If increasing --threads for a given benchmark does not increase throughput or even decreases it, it is likely that some saturation or congestion is occurring somewhere in the stack. On Linux systems, running top during the tests on the participating hosts should reveal details about CPU usage (user, system, iowait) and memory usage. This can be used as a quick first probe to see if any of the hosts is maxed out on a particular resource (CPU power, available RAM, I/O throughput). The ArangoDB servers also provide detailed metrics about CPU usage, I/O wait, memory usage etc., which can be monitored during the benchmarks. The most useful way of analyzing metrics is to have them scraped automatically by a Prometheus instance and to make them available via Grafana. This allows metrics to be collected over time and to compare them for multiple test runs with different configurations. If Prometheus/Grafana cannot be used, the ArangoDB web interface also provides a way to access the current values of all metrics for privileged accounts.

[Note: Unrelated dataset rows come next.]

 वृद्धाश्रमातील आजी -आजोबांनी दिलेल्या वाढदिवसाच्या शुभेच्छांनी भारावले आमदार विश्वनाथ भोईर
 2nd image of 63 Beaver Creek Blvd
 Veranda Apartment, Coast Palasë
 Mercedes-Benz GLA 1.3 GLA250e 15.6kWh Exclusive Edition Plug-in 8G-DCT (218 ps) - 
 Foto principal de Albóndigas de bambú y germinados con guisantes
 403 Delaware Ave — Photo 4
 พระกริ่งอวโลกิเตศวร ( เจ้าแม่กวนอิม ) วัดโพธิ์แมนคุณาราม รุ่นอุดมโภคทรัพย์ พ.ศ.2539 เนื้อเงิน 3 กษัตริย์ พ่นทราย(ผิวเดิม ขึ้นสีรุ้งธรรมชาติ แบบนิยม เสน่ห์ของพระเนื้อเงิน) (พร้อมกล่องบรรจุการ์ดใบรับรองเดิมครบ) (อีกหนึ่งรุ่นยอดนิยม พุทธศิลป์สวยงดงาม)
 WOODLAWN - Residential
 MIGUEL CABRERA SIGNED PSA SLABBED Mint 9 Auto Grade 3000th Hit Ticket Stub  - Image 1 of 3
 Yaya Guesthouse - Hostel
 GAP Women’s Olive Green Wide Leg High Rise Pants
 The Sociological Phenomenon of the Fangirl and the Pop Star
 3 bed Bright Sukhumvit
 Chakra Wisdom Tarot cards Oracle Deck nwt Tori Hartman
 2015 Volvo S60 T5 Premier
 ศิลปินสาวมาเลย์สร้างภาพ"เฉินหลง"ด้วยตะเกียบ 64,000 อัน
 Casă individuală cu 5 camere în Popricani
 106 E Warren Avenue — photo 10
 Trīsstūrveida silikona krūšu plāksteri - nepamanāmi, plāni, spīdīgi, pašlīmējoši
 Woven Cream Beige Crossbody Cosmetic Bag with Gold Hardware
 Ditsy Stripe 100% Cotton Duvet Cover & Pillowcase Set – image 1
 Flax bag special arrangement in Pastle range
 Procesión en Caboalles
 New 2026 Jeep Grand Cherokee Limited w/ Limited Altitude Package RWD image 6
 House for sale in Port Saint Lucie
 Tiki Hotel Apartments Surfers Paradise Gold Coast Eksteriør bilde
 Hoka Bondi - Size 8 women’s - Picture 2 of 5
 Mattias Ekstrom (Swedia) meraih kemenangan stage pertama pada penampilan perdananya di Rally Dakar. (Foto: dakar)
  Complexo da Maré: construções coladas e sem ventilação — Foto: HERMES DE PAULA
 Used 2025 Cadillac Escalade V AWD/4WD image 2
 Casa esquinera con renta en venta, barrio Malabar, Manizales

A few useful metrics on the ArangoDB server side include:

arangodb_process_statistics_resident_set_size: resident memory usage for an arangod process, in bytes. Can be used to determine how much memory was used during the tests. If the memory usage is close to the capacity limit, this indicates that adding more memory could speed things up.
arangodb_process_statistics_resident_set_size_percent: resident memory usage for an arangod process, in percent of available RAM. Can be used to determine how much memory was used during the tests. If the memory usage is close to the capacity limit, this indicates that adding more memory could speed things up.
arangodb_scheduler_queue_full_failures_total: contains the number of rejected requests because the scheduler’s queue capacity was exceeded. If this contains values other than 0, it indicates overload (i.e. more requests coming in than can be handled by the server).
arangodb_scheduler_queue_length: number of requests in scheduler queue at a given point. This is expected to deviate from 0 if requests are queued, but the closer it is to the configured maximum queue length (default value: 4096), the more close the server is to its processing capacity limit.
arangodb_server_statistics_system_percent: on Linux, provides total %sys CPU time for a host (most likely used by arangod or arangobench).
arangodb_server_statistics_user_percent: on Linux, provides total %user CPU time for a host (most likely used by arangod or arangobench).
arangodb_server_statistics_iowait_percent: on Linux, provides total %iowait CPU time for a host (most likely used by arangod or arangobench).

Another thing to check is the arangobench location: if arangobench runs on the same host as the ArangoDB server, arangobench and arangod may compete for the same resources. This may be appropriate if the production use case will also use a localhost setup. If this is not the case, arangobench should be executed on a separate host and send its request over the network, in the same way as the client applications are expected to do later.